Thinking About Climate Change Demands Sustainability Solutions
By Dr Kaushik Sridhar, Online Learning Facilitator, Australian Institute of Business.
Imagine the atmosphere as a bathtub. The faucet is “human activity,” pumping pollution into the tub. The drain is Earth’s capacity to “absorb that pollution.” Through most of history, the two factors have been in balance. That balance is now gone, so what can we do to stabilise the situation? If people keep generating carbon at today’s rate, the level of carbon dioxide in the atmosphere will keep increasing. Other pollutants contribute to climate change, but the larger, more long-term effects are linked most closely to carbon dioxide. Humanity must decrease carbon production or increase the planet’s ability to handle carbon. Before the Industrial Revolution, the atmosphere held roughly 280 parts per million (ppm) of carbon dioxide. Now it contains roughly 400 ppm. The count is rising; the International Energy Agency predicts 700 ppm by 2100.
In January 2020, the World Economic Forum’s annual risk survey identified “failure of climate change mitigation and adaption” as the number one risk by impact and number two by likelihood over the next ten years. The survey drew on 750 experts and decision-makers around the world from business, academia, civil society, and the public sector.
Thinking about climate change is difficult for four reasons.
First, it’s global rather than local. China’s air pollution makes it hard to breathe in Beijing, but it doesn’t immediately affect anyone elsewhere. However, the carbon dioxide released into the atmosphere – no matter where – changes the world. Climate change’s global nature makes it harder to create or enact an effective policy.
Second, while many challenges call for our immediate attention, climate change is “uniquely long-term.” Even though recent decades have been the warmest on record, they are only a precursor to much larger changes to come.
Third, while many issues fade away with time or pass, climate change is uniquely irreversible. Even if people stopped adding new carbon to the atmosphere, the effects of what already exists will still cause temperatures to rise.
The fourth factor is uncertainty. Climate science improves rapidly, but some vagaries remain about how the climate actually works. Other uncertainties come from not knowing what effect specific industrial pollutants will have or exactly how much of them have been or will be released into the air.
The Business Case
Many of yesterday’s strategies no longer deliver a competitive advantage. In today’s business environment, companies face numerous external challenges, including climate change, to growth. Once-abundant resources have become scarcer, driving up costs. Competitors quickly duplicate innovations, customers are more cynical, and government regulation and policy shift continually. Today, companies need new strategies to achieve a long-lasting competitive edge. Companies must develop a “sustainable competitive advantage” to remain ahead. That advantage will come from sustainability itself.

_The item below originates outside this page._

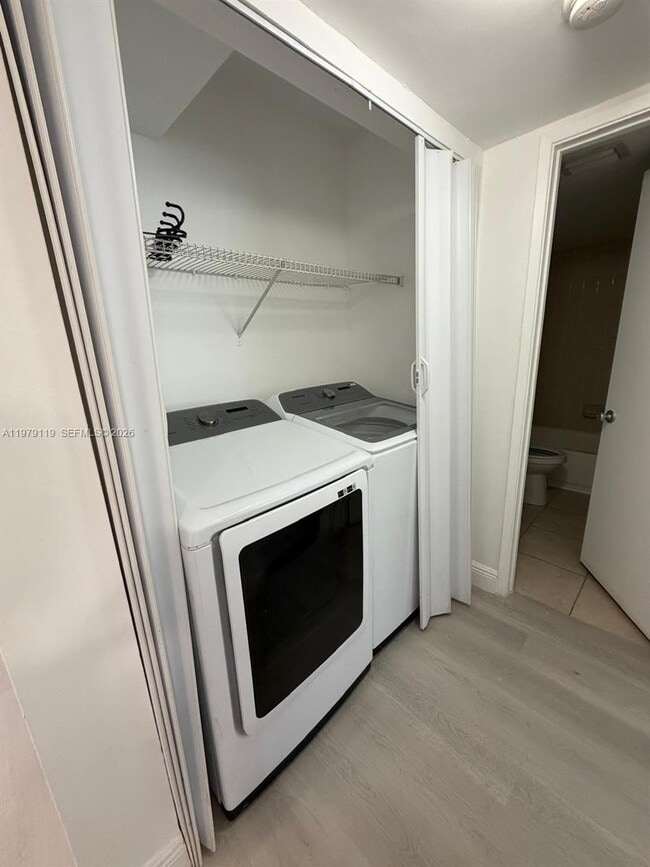 Building Photo - 8730 N Sherman Cir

Sustainability enables companies to ensure that their social, environmental and economic activities support the “triple bottom line” (social, environmental and financial) of sustainable performance. Businesses must assess their sustainability activities to make the most of these “unpriced” activities, and to turn them into a competitive advantage.

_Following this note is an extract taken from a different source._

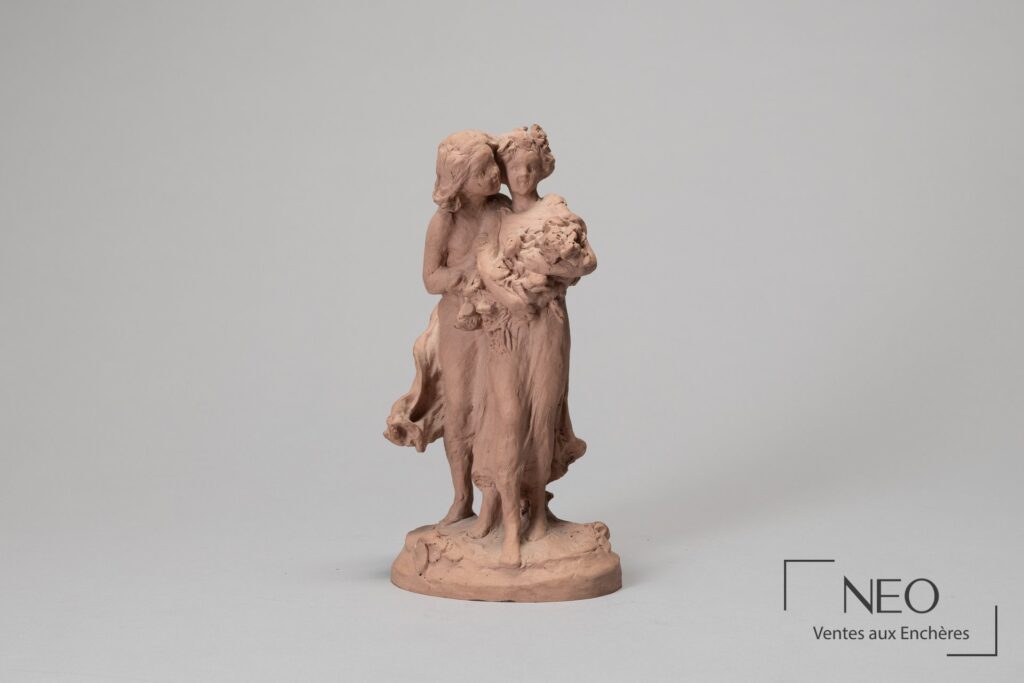 Épreuve en terre cuite représentant deux figures féminines enlacées tenant des fleurs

Fuelled by social network data, millennial consumers demand that companies practice transparency and accountability in conservation and sustainability. Opportunities for growth in the developing world also require new tactics and models. As more consumers in these nations enter the middle class, the demand on Earth’s finite resources continues to accelerate.
The ‘Fourth’ Revolution
The push toward sustainability in the 21st century will mean as much to business as the Industrial Revolution did in the 19th century. Green innovations will profoundly change how societies work and live. In this new world, alternative forms of energy and energy distribution, reduced waste, and improved efficiency will transform the way governments, businesses and households operate.

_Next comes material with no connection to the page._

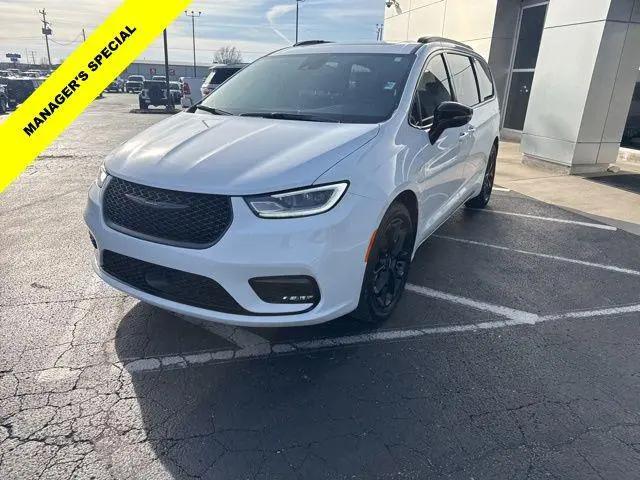 2025 Chrysler Pacifica Limited for sale in Marshfield, MO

Going green and expanding a business are not contradictory actions. In the course of developing green supply chains, businesses can become more profitable by producing energy-efficient products and cutting waste. Inefficient companies will go out of business or will suffer from missed opportunities. But companies that redesign themselves to embrace green practices and technologies will advance. The global market for green business is already huge – already totalling approximately €1.6 trillion (around $2.1 trillion) at the end of 2010 – and is on course to double by 2020. This augurs well for opportunities for companies to grow, gain market share and generate new revenues.
A Fiduciary Duty
Climate change is a challenging topic for directors. It is often seen as an issue for the far distant future or one that only affects a few industries or locations. Climate change presents a significant change in the external environment for all organisations in the coming years and decades. Many companies implement sustainability strategies, but their efforts often fail because sustainability demands simultaneous excellence in three overlapping arenas: social, environmental and financial performance. Corporate sustainability requires a clear strategy based on goals that supersede dollar-driven profits and the full commitment of senior management. It needs to focus on practical systems that implement sustainability companywide. Corporate support must come from management control, performance measurement and reward systems as appropriate.
No action by a single individual in isolation will change things. Nevertheless, acting to reverse climate change is a civic duty for everyone.